I think it depends on the author. I know that C.E. Murphy raised money on Kickstarter to write a novela that was a spin off from one of her series. Her publisher wasn't interested but her fans wanted it enough to pay for it. For the minimum donation you recieved an e-copy. For additional donations you got other things including a print copy.

I don't think this would work for every author. I think fantasy fans are used to paying for things they want since some small presses release limited edition titles which can go fo $$40 for a 200 page hard cover. And they manage to sell them.

D. Jean Quarles said...

I had a similar feeling when an aspiring author wrote to me and said she needed to pay off school debt and wanted her friends to help her write a book - send in your stories- so she could publish and make lots of money quick. Hmmm.

Elizabeth Zelvin said...

I find myself hoping he won't succeed. I'd rather the results disproved the absurd hypothesis. But publishing and everything connected with it is so crazy these days that I can't say I'm sure it won't work.

BTW, launch parties in bookstores are free. Say $50-75 for wine from a discount place like Trader Joe's. At Otto Penzler's Mysterious Bookshop in New York (the last one standing of formerly four mystery bookstores in Manhattan), I'm pretty sure they still provide the drinks. You can serve snacks if you want ($100-200 tops, less if you make the food yourself), but it's not essential. And a bookstore launch is great for author-bookseller relations, because the event makes money for the store. In other words, you don't need venture capital or even a fat advance to celebrate when your book comes out. :)

Polly Iyer said...
This comment has been removed by the author.
Polly Iyer said...

I'd never heard of Kickstarter, but I went onto their website and was stunned to see the projects more that 100% funded, even some from people whose name I recognized. I'm curious how the people who fund these ventures recoup their money. One book was pulled by Kickstarter because it appeared to be a how-to on assaulting women. Makes you wonder how careful they are in accepting the projects on their site.

JJM said...

Polly Iyer wrote: "I'm curious how the people who fund these ventures recoup their money."
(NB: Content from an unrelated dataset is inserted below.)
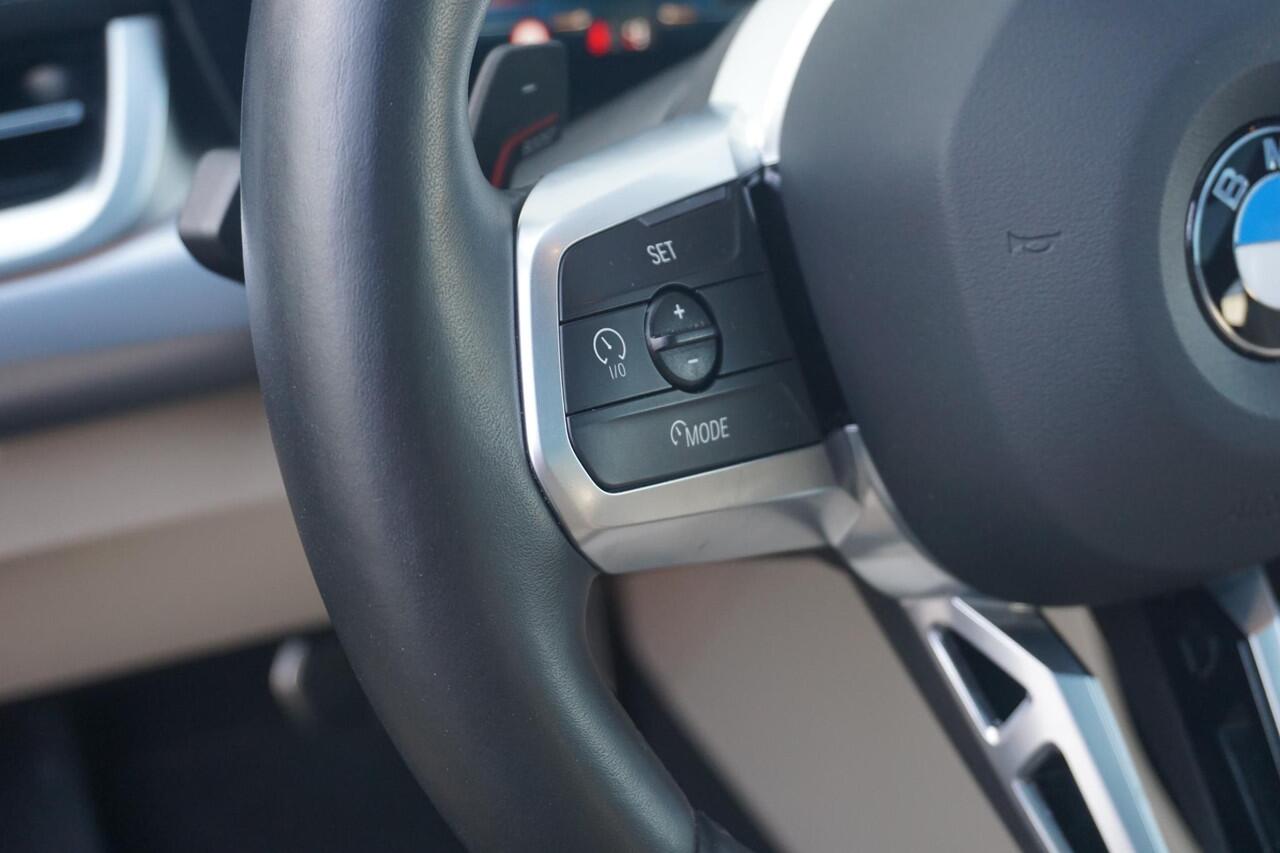 BMW X1 xDrive23i M Sport Pro | Trekhaak / Schuif-kanteldak / Elektrische Stoelen / Harman Kardon / Head-Up Display / Massagefunctie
We don't. It's never a question of recouping our money, because it's not an investment as such. We do get some form of reward, its nature dependent on the amount pledged, but it's never worth the amount of the donation in retail terms. What we get, instead, is knowing we have helped someone fullfil a dream, or produce something truly worthwhile.

You do have to look carefully at the proposed project. The one Sheila Connolly describes, given the writer's background ... meh. I wouldn't participate. But, two years ago, I helped fund a two-week run of an off-Broadway musical. Every time I listen to the original cast album (and it's a pretty good one), I "recoup" my "investment" in personal satisfaction. Worth it, definitely.

Karen Cioffi said...

I guess the saying that if you live long enough you'll see everything pertains to book publishing also. I've received a couple of requests (through LinkedIn members) to fund the authors' books.

If I had the time, I'd email back and ask them to fund my projects.

The world, I fear, has developed a 'I want it now and don't want to work or pay for it' philosophy.

Steven M. Moore said...

Hi Sheila,
I participated in a Kickstarter campaign to amplify eFiction's reach (I don't remember the details--I've published two short stories in eFiction in the past). My thoughts? I considered this a donation to support an eZine--I think we need more of them. I never expected to see any return for my money. As far as I know, the campaign failed. Moreover, eFiction is fast becoming just a vehicle where writers can get their stories critiqued by other writers (yeah, another one of those).
I'd never seen a campaign for a book, though. $18,000 for one book? What's he want, a cover from Alejandro Obregon? Gold-inlaid letters for chapter beginnings? I don't get it! I know you can't show his budget without revealing his name, but it sounds absurd, especially for this guy writing on a shoestring budget.